[[ DATA SEGMENT, beginning ]]
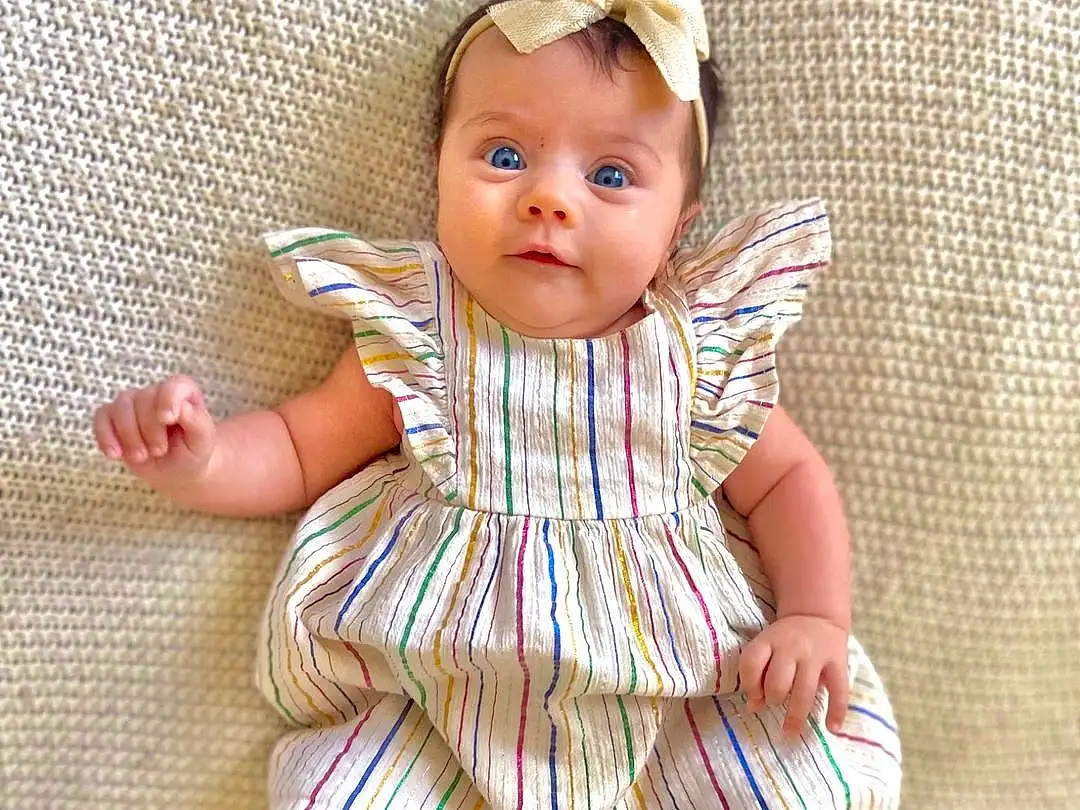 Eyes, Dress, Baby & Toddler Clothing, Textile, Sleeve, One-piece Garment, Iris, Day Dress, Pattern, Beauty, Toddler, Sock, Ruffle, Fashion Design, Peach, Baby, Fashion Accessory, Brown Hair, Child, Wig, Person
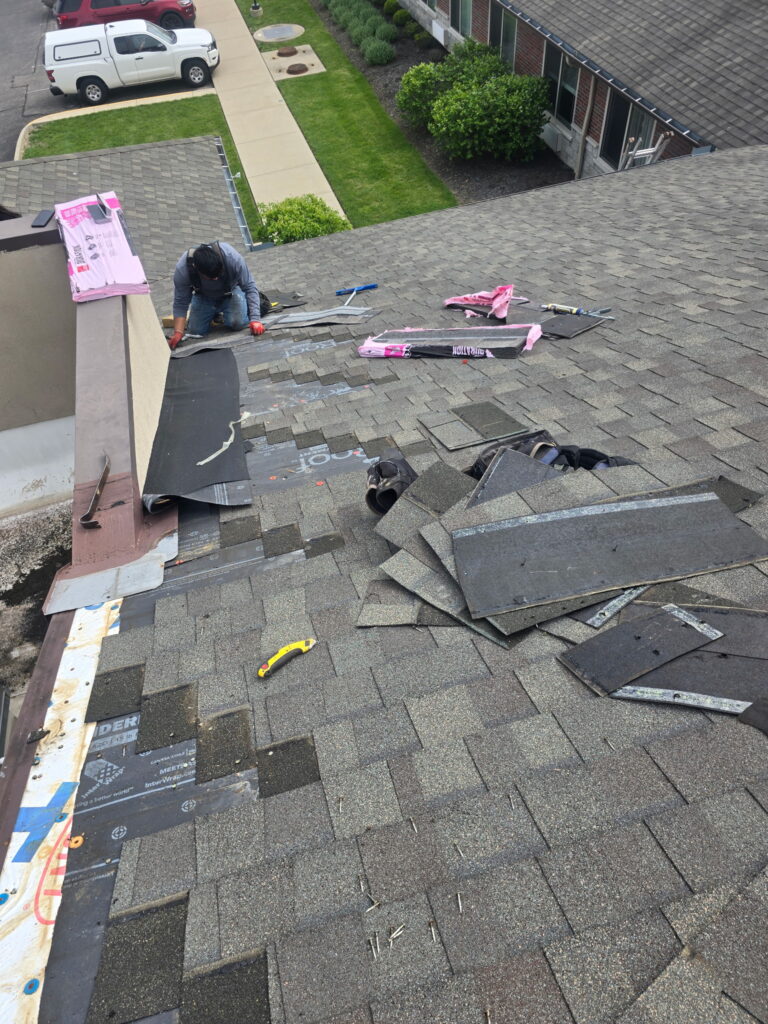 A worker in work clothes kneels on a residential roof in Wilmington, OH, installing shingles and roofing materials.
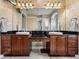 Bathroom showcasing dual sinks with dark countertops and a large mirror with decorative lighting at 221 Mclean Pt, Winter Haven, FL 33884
[[ DATA SEGMENT, end ]]
→ **AIM OF THE EXERCISE**
Your task is to repeat exactly the lines from the beginning of the data to the line that contains "A worker in", both ends included, leaving out pictures.

→ **RESULT BELOW**
 Eyes, Dress, Baby & Toddler Clothing, Textile, Sleeve, One-piece Garment, Iris, Day Dress, Pattern, Beauty, Toddler, Sock, Ruffle, Fashion Design, Peach, Baby, Fashion Accessory, Brown Hair, Child, Wig, Person
 A worker in work clothes kneels on a residential roof in Wilmington, OH, installing shingles and roofing materials.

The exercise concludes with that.